To update the efforts to reduce food waste and increase policy and industry changes, NRDC has released a second edition of its food waste report, Wasted: How America Is Losing Up To 40 Percent of Its Food from Farm to Fork to Landfill, Second Edition of NRDC’s Original 2012 Report.
A look at NRDC’s 2nd food waste report:
“We leave entire fields unharvested, reject produce solely for cosmetic reasons, throw out anything past or even close to its “sell by” date, inundate restaurant patrons with massive portions, and let absurd amounts of food rot in the back of our fridges. In our diverse nation of 322 million people, wasting food emerges as an embarrassing unifier.

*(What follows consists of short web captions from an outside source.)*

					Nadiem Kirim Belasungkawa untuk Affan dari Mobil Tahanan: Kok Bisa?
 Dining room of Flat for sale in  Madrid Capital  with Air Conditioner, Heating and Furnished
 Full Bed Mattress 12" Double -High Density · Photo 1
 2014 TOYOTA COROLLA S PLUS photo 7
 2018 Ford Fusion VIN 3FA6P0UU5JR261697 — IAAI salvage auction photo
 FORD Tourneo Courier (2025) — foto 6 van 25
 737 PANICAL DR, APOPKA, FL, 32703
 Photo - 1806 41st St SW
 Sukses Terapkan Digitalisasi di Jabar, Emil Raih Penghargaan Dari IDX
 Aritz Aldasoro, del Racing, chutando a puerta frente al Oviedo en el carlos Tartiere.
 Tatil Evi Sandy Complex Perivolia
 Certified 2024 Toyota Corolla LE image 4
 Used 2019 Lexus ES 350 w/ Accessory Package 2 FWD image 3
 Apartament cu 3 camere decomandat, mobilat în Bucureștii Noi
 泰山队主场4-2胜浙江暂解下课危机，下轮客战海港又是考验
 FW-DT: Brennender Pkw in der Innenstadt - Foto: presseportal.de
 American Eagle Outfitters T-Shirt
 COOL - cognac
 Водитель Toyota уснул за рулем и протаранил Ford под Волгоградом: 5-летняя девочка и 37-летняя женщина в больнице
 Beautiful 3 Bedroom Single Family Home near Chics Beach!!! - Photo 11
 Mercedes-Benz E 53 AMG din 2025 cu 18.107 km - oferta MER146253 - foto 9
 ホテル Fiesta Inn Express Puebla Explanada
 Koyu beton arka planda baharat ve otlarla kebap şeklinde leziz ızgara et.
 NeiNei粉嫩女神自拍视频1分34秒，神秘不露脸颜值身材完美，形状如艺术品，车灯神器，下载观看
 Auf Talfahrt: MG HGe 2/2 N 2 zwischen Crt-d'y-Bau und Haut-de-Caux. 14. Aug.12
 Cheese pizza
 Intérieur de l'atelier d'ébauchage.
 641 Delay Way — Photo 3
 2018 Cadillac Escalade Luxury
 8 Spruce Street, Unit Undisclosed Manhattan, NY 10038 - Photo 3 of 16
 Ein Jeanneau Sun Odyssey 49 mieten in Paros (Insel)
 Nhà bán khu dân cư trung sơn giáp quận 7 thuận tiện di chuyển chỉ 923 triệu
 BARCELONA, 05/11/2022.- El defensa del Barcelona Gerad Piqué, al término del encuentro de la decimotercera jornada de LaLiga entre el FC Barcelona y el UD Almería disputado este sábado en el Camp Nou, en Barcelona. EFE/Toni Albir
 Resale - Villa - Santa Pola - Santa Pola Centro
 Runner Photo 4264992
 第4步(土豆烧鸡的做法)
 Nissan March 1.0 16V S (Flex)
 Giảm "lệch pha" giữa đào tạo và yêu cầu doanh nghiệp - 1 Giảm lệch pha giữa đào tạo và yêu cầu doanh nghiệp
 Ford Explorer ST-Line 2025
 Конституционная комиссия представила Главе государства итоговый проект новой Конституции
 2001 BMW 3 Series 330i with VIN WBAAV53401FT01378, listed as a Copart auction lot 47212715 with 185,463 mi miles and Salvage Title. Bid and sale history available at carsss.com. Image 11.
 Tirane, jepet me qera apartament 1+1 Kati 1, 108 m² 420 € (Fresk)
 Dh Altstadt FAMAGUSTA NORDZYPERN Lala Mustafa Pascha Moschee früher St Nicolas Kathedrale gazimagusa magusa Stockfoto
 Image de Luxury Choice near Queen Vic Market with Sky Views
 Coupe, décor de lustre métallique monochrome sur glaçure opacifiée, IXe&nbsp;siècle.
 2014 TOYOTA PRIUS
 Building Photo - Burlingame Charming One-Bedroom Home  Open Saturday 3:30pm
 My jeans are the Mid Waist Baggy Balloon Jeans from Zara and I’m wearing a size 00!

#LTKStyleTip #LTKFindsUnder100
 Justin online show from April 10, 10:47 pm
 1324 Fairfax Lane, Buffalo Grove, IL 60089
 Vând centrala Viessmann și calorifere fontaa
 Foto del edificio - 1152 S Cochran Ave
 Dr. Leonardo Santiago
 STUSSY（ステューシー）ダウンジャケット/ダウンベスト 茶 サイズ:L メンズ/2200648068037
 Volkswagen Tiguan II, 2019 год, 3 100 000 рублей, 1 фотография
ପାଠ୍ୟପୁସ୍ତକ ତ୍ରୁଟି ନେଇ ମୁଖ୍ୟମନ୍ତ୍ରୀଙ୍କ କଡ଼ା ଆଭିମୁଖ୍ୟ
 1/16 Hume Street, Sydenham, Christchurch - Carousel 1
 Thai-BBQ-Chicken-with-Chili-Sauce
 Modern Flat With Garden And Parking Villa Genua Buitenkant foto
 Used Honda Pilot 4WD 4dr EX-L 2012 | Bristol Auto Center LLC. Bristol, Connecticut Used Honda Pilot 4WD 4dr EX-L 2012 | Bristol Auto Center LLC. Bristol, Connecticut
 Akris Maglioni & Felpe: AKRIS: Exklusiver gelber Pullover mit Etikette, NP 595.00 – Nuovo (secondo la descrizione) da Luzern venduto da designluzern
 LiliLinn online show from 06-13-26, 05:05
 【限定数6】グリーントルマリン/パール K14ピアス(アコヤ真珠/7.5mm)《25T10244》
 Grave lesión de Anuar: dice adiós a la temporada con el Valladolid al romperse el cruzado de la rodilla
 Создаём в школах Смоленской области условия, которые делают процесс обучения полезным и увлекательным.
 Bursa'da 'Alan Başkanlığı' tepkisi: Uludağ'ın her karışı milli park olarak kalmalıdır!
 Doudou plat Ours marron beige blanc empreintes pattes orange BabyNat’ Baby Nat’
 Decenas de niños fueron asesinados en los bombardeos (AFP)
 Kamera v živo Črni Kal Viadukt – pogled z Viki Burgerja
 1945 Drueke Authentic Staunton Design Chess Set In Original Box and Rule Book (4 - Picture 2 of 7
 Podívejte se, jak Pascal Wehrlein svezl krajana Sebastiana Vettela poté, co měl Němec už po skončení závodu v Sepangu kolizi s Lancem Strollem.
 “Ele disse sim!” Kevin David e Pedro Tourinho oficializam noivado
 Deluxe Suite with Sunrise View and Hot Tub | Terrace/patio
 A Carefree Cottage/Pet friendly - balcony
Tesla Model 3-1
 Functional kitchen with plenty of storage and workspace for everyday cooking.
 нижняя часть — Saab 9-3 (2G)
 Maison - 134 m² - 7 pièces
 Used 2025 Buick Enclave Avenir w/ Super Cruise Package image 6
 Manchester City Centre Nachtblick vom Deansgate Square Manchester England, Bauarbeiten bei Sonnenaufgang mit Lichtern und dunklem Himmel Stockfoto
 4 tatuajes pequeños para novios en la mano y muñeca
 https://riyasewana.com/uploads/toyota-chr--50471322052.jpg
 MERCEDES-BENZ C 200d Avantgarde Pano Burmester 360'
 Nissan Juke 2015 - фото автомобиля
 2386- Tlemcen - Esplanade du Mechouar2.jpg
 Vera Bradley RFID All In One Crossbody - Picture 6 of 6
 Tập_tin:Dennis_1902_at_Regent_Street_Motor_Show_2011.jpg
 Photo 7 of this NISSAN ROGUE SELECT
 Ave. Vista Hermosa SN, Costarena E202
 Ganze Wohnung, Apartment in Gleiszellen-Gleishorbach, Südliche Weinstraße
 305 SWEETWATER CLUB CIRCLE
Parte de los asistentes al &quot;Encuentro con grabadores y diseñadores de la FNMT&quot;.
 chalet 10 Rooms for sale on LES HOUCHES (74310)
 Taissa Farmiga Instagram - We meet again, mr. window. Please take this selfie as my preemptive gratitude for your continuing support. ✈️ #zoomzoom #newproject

No matter our age, gender, economic status, or education level, we all waste food.”
Some highlights of the progress made since the first report
- In September 2015, the Environmental Protection Agency (EPA) and the U. S. Department of Agriculture (USDA) adopted federal targets to cut waste by 50 percent by 2030.
- As part of its sustainable development goals, the United Nations adopted similar targets.
- The Food Recovery Act, the first comprehensive bill to reduce, reuse and recycle wasted food, was introduced in Congress.
- As part of the U.S. government budget package that closed out 2015, permanent food donation tax incentives were extended to businesses of all sizes.
To read the updated food waste report published in August 2017, visit https://www.nrdc.org/sites/default/files/wasted-2017-report.pdf.
To put a media spotlight on the issue of food waste, NRDC and the Ad Council have teamed up with Blue Hill restaurant co-owner and chef Dan Barber and Amazon’s Alexa, in a new public service campaign called “Save the Food.”